Making them even more useful, they have absolutely no affinity for the independent unions, for the right to strike or for increases in the standard of living. The Brotherhood fully embraces the austere economic policies of the past, so much so that Kamal Abu Eita, president of the Egyptian Federation of Independent Trade Unions (EFITU), noted in the October 15, 2012 Egyptian Independent that “Nowadays we have more unionists who have been sacked, subjected to trials and unemployment than under the Mubarak regime.”

While the mass movement of youth has been severely attacked and attempts to build independent labor organizations undermined in the last two years, the spirit of the January 25 Freedom and Justice movement has not been defeated, not by a long shot.

Is a Bitter Divorce in the Offing?

Thus, strikes and protests are sure to continue and at some point, the FJP government may become too unstable and too much of a liability for the property owners and generals.

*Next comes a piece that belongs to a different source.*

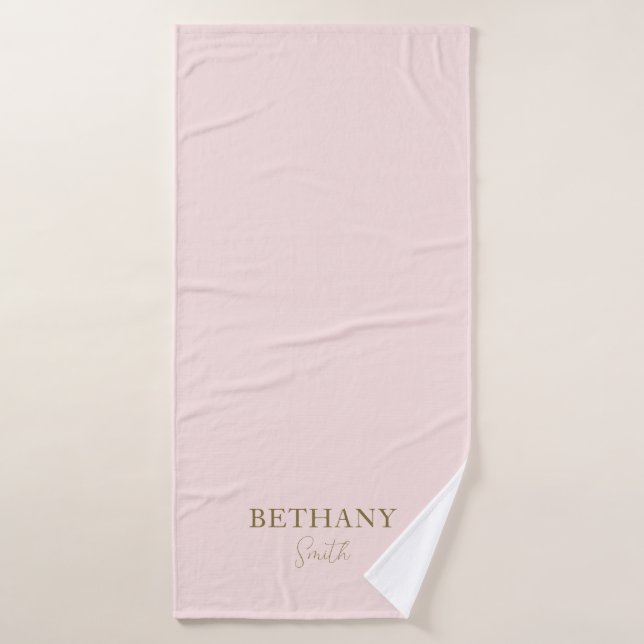Rosa Goldname Badehandtuch (Badehandtuch)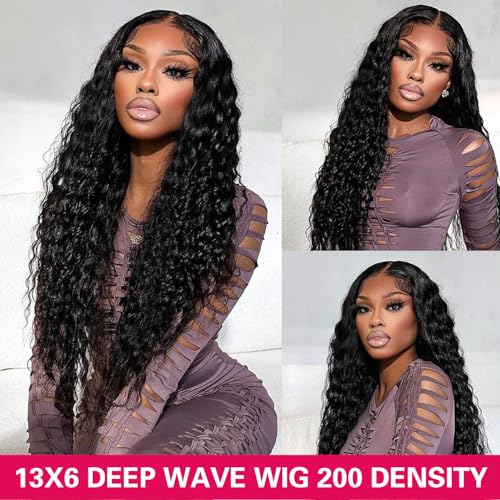 28 Inch 13x6 Deep Wave Lace Front Wigs Human Hair 180% Density HD Lace Front Wigs Human Hair Pre Plucked Natural Color Glueless Wig 100% Virgin Lace Front Wigs for Women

If this happens, numerous examples in modern world history record a likely nefarious outcome.

The FJP-government could be displaced by a military-backed civilian savior with far more entrenched and reliable bourgeois connections who will offer stability to millions exhausted by continuous struggle against a government that conceals its alliance with the rich and powerful and camouflages its wretched social and economic policies with discordant religious appeals.

In the meantime, most of the opposition fire is aimed at the Muslim Brotherhood and that suits the military and the monied rulers of Egypt just fine.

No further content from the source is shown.